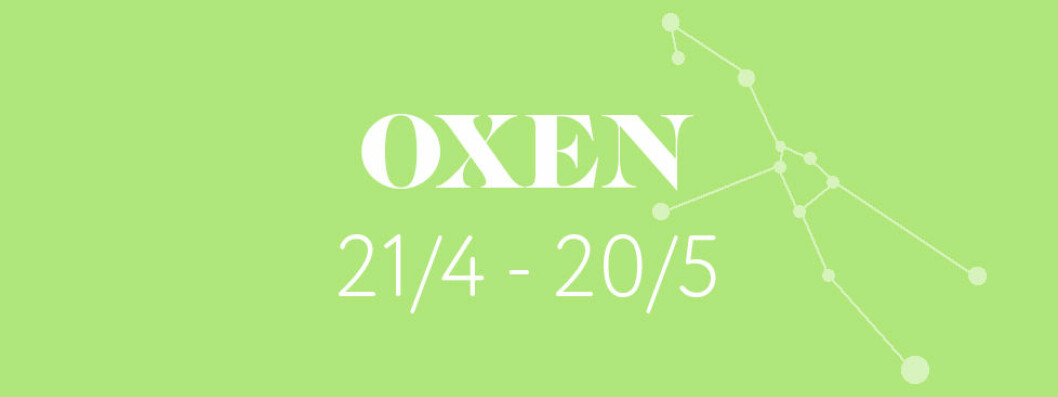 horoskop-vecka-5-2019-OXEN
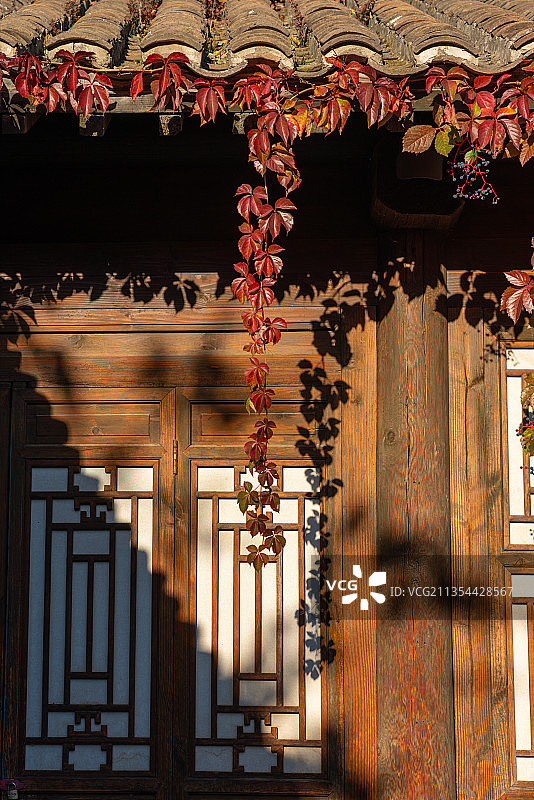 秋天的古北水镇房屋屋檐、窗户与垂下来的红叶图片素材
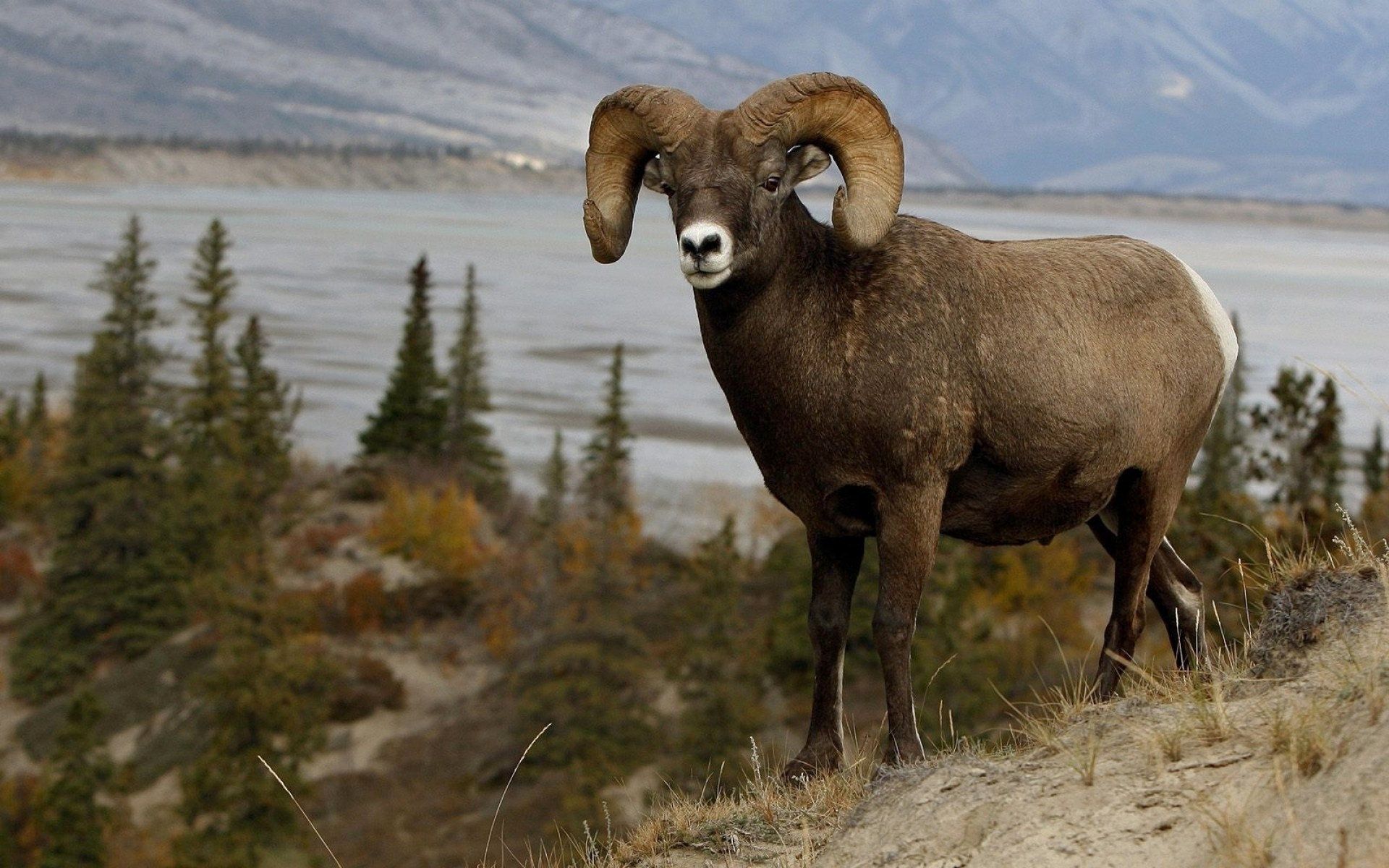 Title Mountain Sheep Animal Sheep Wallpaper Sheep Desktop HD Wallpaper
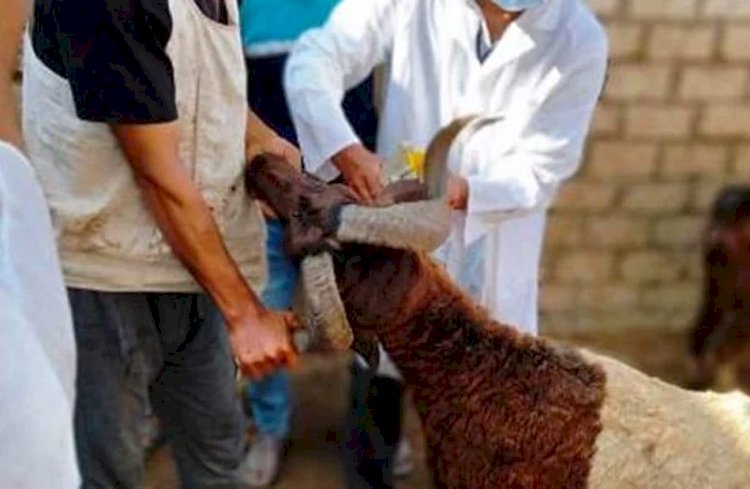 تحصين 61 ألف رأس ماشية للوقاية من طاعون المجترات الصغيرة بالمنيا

= = = =

Output all of the data exactly as it stands, minus any images.

 horoskop-vecka-5-2019-OXEN
 秋天的古北水镇房屋屋檐、窗户与垂下来的红叶图片素材
 Title Mountain Sheep Animal Sheep Wallpaper Sheep Desktop HD Wallpaper
 تحصين 61 ألف رأس ماشية للوقاية من طاعون المجترات الصغيرة بالمنيا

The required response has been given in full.